Podcasts

Medizin oder Magie? Ärzte im Mittelalter

Medizin oder Magie? Ärzte im Mittelalter

Medizin oder Magie? Ärzte im Mittelalter

Von William Gries

Die Geschichten, Band 15: 1 (2019)

Einleitung: Nach Hannams Paraphrase des Themas in Die Entstehung der Wissenschaft: Wie das Christin-Mittelalter die wissenschaftliche Revolution auslösteAristoteles behauptete: "Kein Objekt könnte sich weiter bewegen, ohne dass ein Objekt es bewegt." Eine solche Beobachtung mag dem uniformierten Beobachter ziemlich offensichtlich erscheinen, denn wenn man aufhört, einen Stuhl zu schieben, hört der Stuhl auf, sich zu bewegen. Diese Theorie stößt jedoch auf einige Probleme, wenn sie auf alle Arten von Bewegungen extrapoliert wird, beispielsweise auf einen geworfenen Ball, der sich auch dann weiter bewegt, wenn er die Hand des Werfers verlassen hat.

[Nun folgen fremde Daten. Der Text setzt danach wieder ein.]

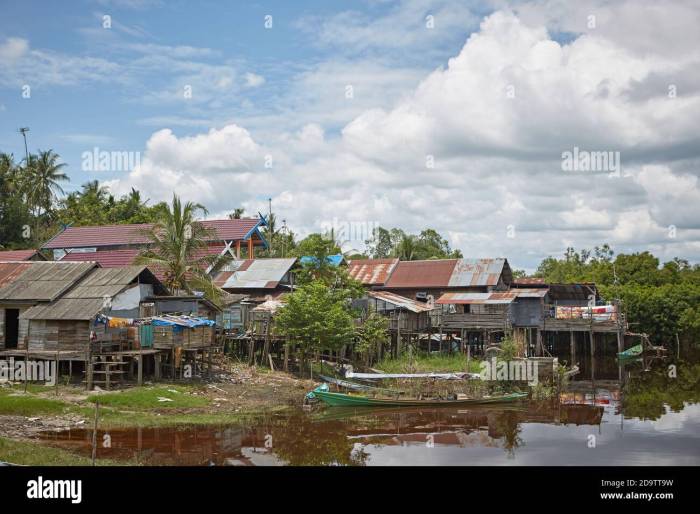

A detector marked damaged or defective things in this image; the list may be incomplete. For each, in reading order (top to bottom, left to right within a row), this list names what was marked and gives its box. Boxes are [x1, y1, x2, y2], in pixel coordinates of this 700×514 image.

rusty metal roof [0, 260, 97, 300]
rusted metal sheet [0, 260, 97, 300]
rusty metal roof [211, 256, 292, 288]
rusted metal sheet [346, 258, 396, 286]
rusty metal roof [348, 258, 400, 286]
rusty metal roof [382, 256, 508, 288]
rusted metal sheet [366, 288, 432, 312]
rusty metal roof [370, 288, 434, 312]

Um eine solche Anomalie in seine Bewegungstheorie einzufügen, war Aristoteles „überzeugt, dass etwas sie schieben muss, nachdem sie [die] Hand verlassen hat… das einzige, woran er denken konnte, war, dass die Luft hinter dem Ball sie antreibt nach vorne."

Die moderne Wissenschaft, das Produkt der Renaissance und der wissenschaftlichen Revolution im 16. und 17. Jahrhundert, sagt heute jedem Gelehrten, dass diese aristotelischen Behauptungen völlig falsch sind. Sogar Naturphilosophen im Mittelalter waren sich tatsächlich bewusst, dass „diese Idee [der gewalttätigen Bewegung] durch grundlegende empirische Experimente oder einfach nur durch Beobachtung leicht widerlegt werden kann“. Das Problem war: „Aristoteles 'Prestige war so groß, dass selbst seine haarsträubenden Ideen ernst genommen werden mussten [und so], obwohl Kritiker vom Luftdruckkonzept nicht überzeugt waren, akzeptierten sie dennoch Aristoteles' Grundgesetz, dass ein sich bewegendes Objekt von etwas bewegt werden muss sonst." Selbst die Naturphilosophie war durch das Studium der Physik von grob falschen Theorien und Erklärungen für bestimmte Phänomene geplagt, zumindest im Nachhinein.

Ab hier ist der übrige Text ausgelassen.